Nesse sentido, observe-se a jurisprudência pátria que assinala a necessidade de previsão contratual para haver reajustamento do contrato administrativo:
“PROCESSUAL CIVIL E ADMINISTRATIVO - CONTRATO ADMINISTRATIVO - REAJUSTE DE PREÇOS - AUSÊNCIA DE AUTORIZAÇÃO CONTRATUAL -DESCABIMENTO.
1. O reajuste do contrato administrativo é conduta autorizada por lei e convencionada entre as partes contratantes que tem por escopo manter o equilíbrio financeiro do contrato. 2. Ausente previsão contratual, resta inviabilizado o pretendido reajustamento do contrato administrativo. 3. Recurso especial conhecido em parte e, nessa parte, não provido. STJ – RECURSO ESPECIAL Resp. 730568 SP 2005/0036315-8(STJ)” (grifo nosso)

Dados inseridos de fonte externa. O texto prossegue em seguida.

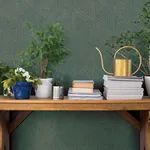 A-Street Prints Anara Teal Geo Faux Grasscloth Wallpaper | Wallpaper Twins A-Street Prints Anara Teal Geo Faux Grasscloth Wallpaper - SKU 4202-571271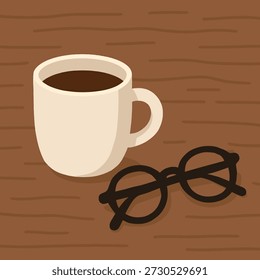 Writer Workspace Minimalist Vector Illustrations
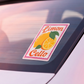 Italy Lover Gift Italian Sticker Limoncello Decal, Travel Summer Sticker Lemons For Foodie, Citrus Floral Vinyl Decal Fruit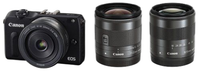 Digital Slr Canon Eos M2 Ef-M18-55Mm F3.5-5.6 Is Stm Ef-M22Mm F2 Ef-M11-22Mm
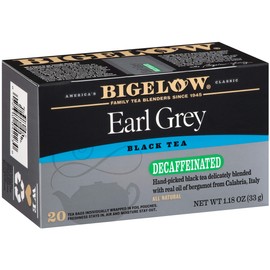 Bigelow, Earl Grey Tea (Decaffeinated), 20 Count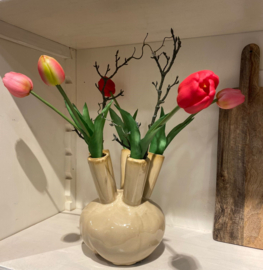 Tulpenvaas wit 17cm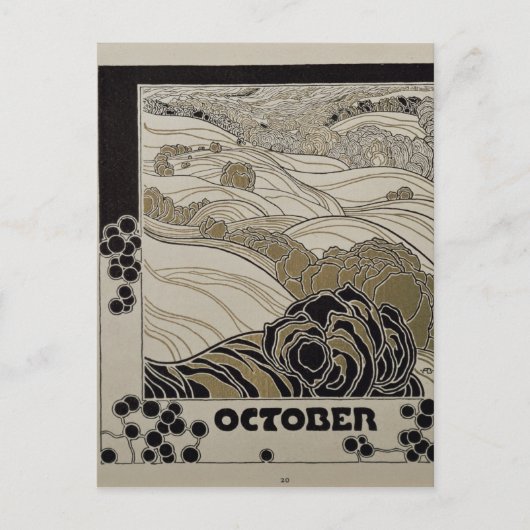 Oktober 1901 briefkaart (Voorkant)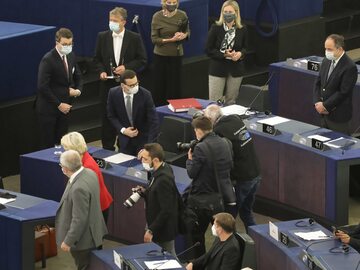 Premier Mateusz Morawiecki w Parlamencie Europejskim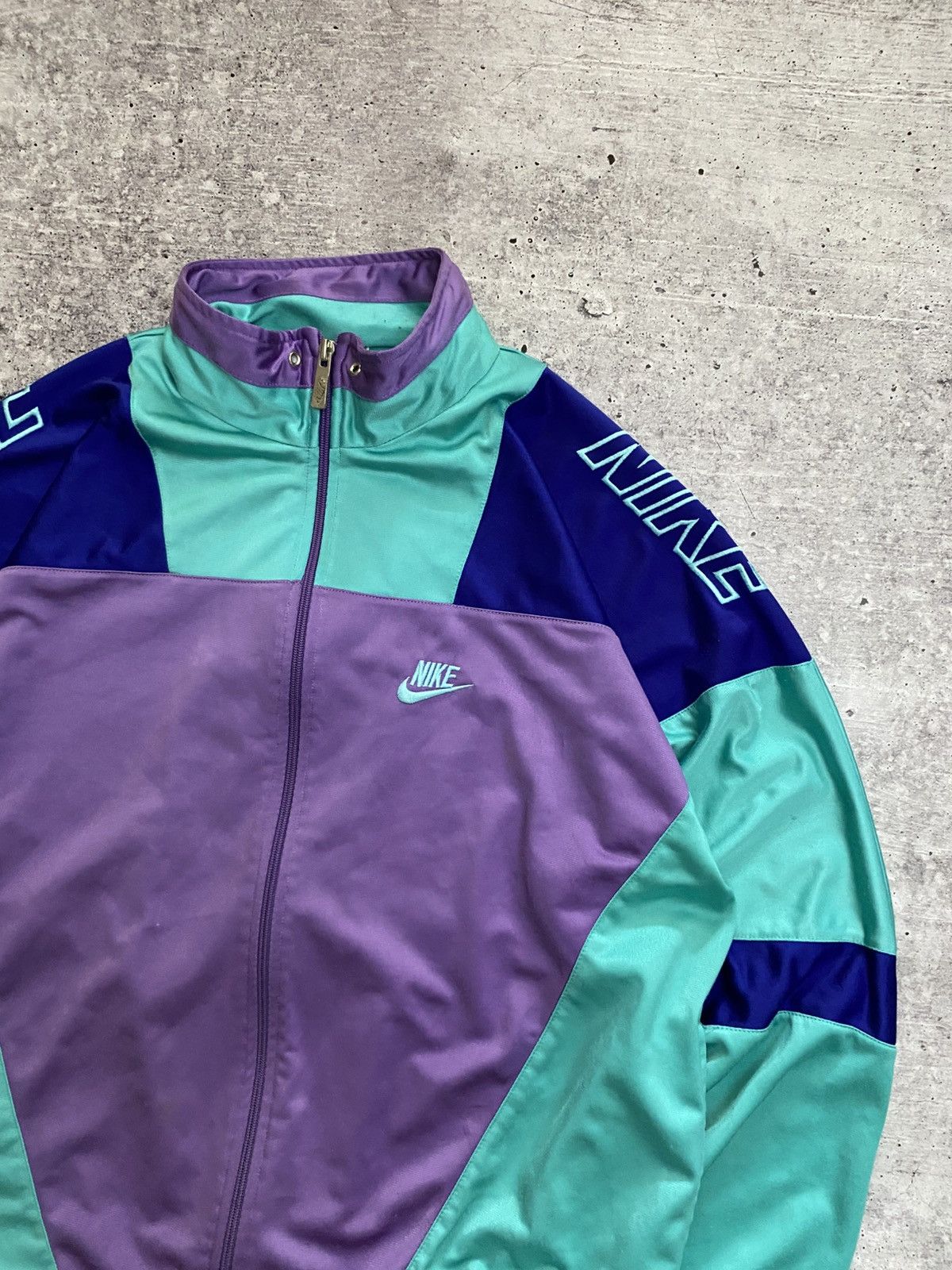 Nike × Vintage 🔥NIKE VINTAGE TRACK JACKET Size US M / EU 48-50 / 2 - 5 Thumbnail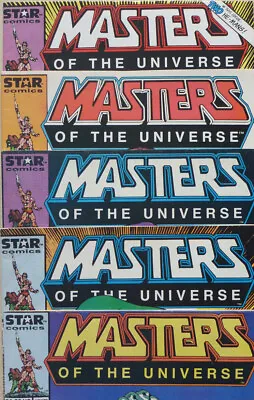 Buy Masters Of The Universe  Marvel Star Comics  1st Print - He-Man Choose Your Copy • 14.99£
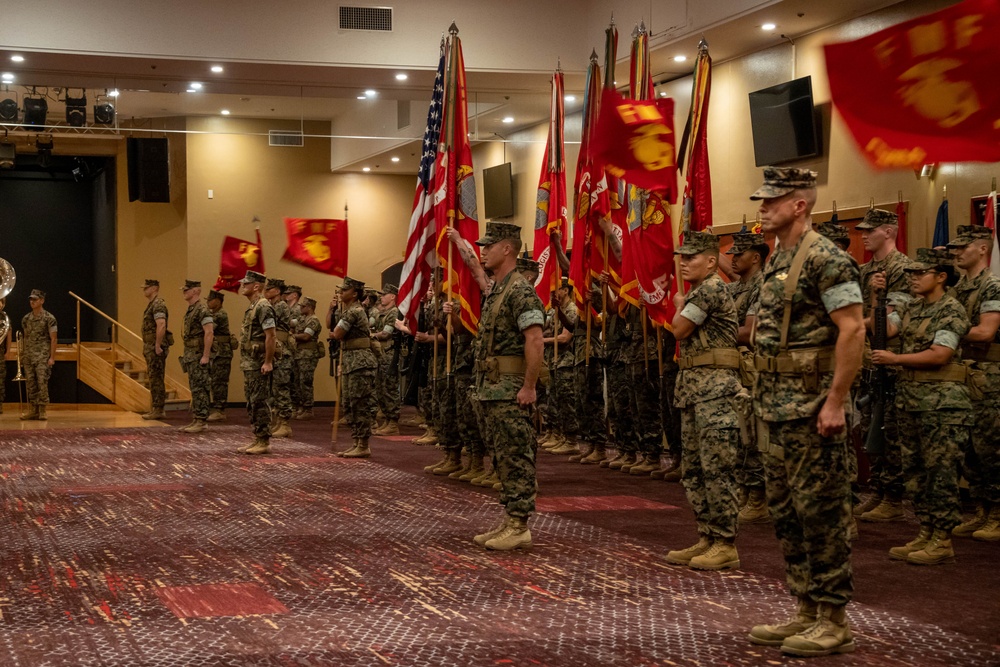 3rd Marine Logistics Group Commanding General Change of Command Ceremony at Camp Kinser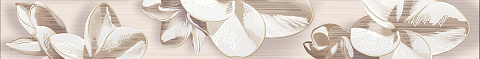 Бордюр AMATI Plumeria Beige (AZORI)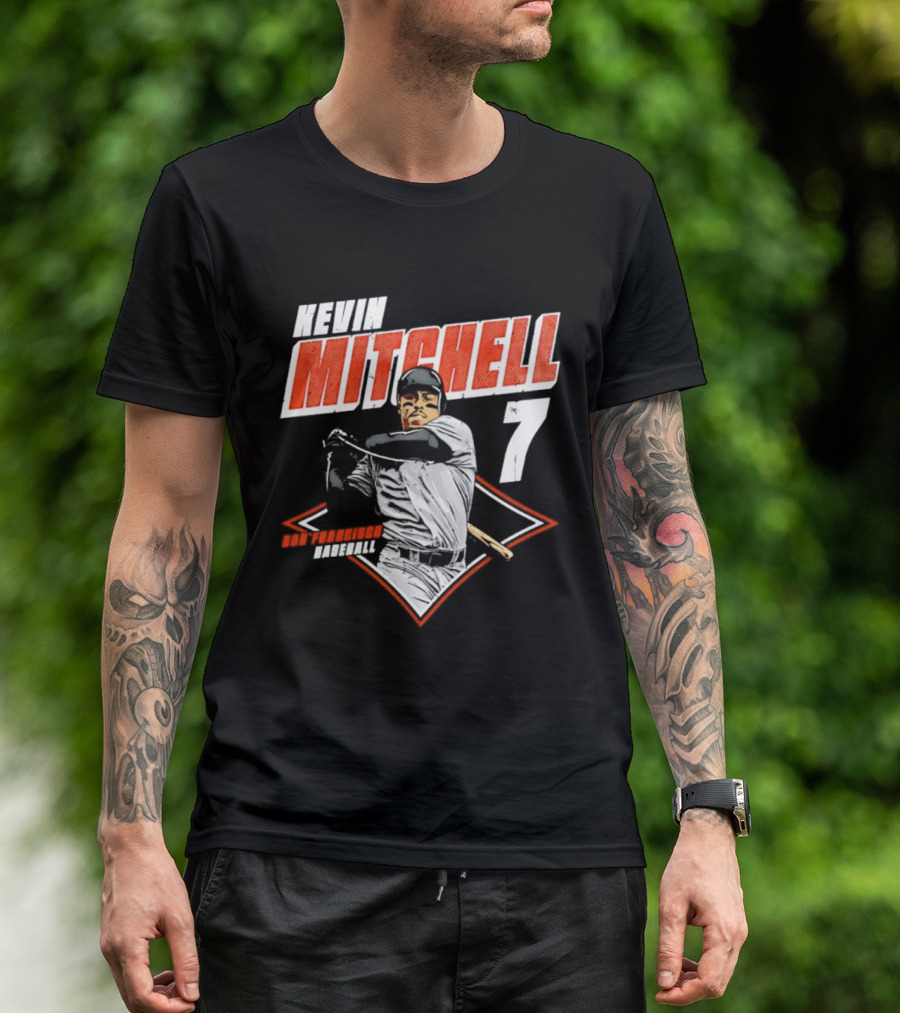 Kevin Mitchell 7 San Francisco Giants Baseball Diamond T-Shirt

Frise-se que o reajuste, em obediência ao que determina a legislação não poderá ocorrer em período inferior a um ano (art. 5º do Decreto Nº 2.271, DE 7 DE JULHO DE 1997) da data da apresentação das propostas, e não da assinatura do contrato ou do início de sua vigência, além de estar previsto expressamente no contrato e decorrer de fatos previsíveis:
“Art. 5º Os contratos de que trata este Decreto, que tenham por objeto a prestação de serviços executados de forma contínua poderão, desde que previsto no edital, admitir repactuação visando a adequação aos novos preços de mercado, observados o interregno mínimo de um ano e a demonstrarão analítica da variação dos componentes dos custos do contrato, devidamente justificada.” (grifo nosso)

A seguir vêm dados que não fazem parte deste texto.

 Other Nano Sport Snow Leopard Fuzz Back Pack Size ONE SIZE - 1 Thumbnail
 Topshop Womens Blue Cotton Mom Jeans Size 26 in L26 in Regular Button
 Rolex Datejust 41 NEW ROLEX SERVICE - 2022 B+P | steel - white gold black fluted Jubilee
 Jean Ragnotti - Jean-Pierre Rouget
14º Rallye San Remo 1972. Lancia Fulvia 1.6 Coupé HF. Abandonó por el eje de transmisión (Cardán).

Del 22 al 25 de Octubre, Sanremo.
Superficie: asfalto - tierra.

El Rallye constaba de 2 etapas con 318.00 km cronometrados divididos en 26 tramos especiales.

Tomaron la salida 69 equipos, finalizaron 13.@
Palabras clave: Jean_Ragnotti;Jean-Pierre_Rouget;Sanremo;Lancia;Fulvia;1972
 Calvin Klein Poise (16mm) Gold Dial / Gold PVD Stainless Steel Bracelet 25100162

De outro lado, o instituto da revisão ou recomposição é cabível nos casos em que a modificação decorre de modificação excepcional nos preços, desvinculada da inflação. Envolve a mudança das obrigações impostas ao contratado, independentemente de circunstâncias meramente inflacionárias. Ocorre quando a execução do contrato se submete a extraordinária e inesperada alteração de custos, não apurada nos índices ordinários de variação de preços, ou quando as obrigações previstas em contrato são aumentadas ou passam a ser mais onerosas.

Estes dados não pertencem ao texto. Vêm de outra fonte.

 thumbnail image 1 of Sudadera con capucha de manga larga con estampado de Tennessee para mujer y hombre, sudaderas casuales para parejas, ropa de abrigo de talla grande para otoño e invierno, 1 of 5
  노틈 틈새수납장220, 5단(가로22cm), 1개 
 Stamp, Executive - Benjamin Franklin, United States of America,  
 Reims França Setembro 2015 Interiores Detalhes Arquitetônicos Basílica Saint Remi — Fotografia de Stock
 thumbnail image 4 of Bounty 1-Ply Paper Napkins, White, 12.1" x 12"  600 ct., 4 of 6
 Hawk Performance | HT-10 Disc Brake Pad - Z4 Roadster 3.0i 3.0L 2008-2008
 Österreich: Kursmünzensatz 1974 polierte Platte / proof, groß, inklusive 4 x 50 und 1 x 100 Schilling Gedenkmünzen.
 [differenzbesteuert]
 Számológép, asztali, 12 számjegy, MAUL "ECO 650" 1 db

Ora, nos casos de revisão ou recomposição estamos diante de fatos imprevisíveis ou extraordinários, que diversamente do reajuste, não possui previsão contratual para ocorrer.
Como corolário do princípio da necessidade de adequação financeira, a Lei nº 8.666, de 21 de junho de 1993, Lei Geral de Licitações e Contratos Administrativos, determina em seu art. 65, II, d:
"d) para restabelecer a relação, que as partes pactuaram inicialmente, entre os encargos do contratado e a retribuição da Administração para a justa remuneração da obra, serviço ou fornecimento, objetivando a manutenção do equilíbrio econômico-financeiro inicial do contrato, na hipótese de sobrevirem fatos imprevisíveis, ou previsíveis porém de conseqüências incalculáveis, retardadores ou impeditivos da execução do ajustado, ou ainda, em caso de força maior, caso fortuito ou fato do príncipe, configurando álea econômica extraordinária e extracontratual." (grifo nosso)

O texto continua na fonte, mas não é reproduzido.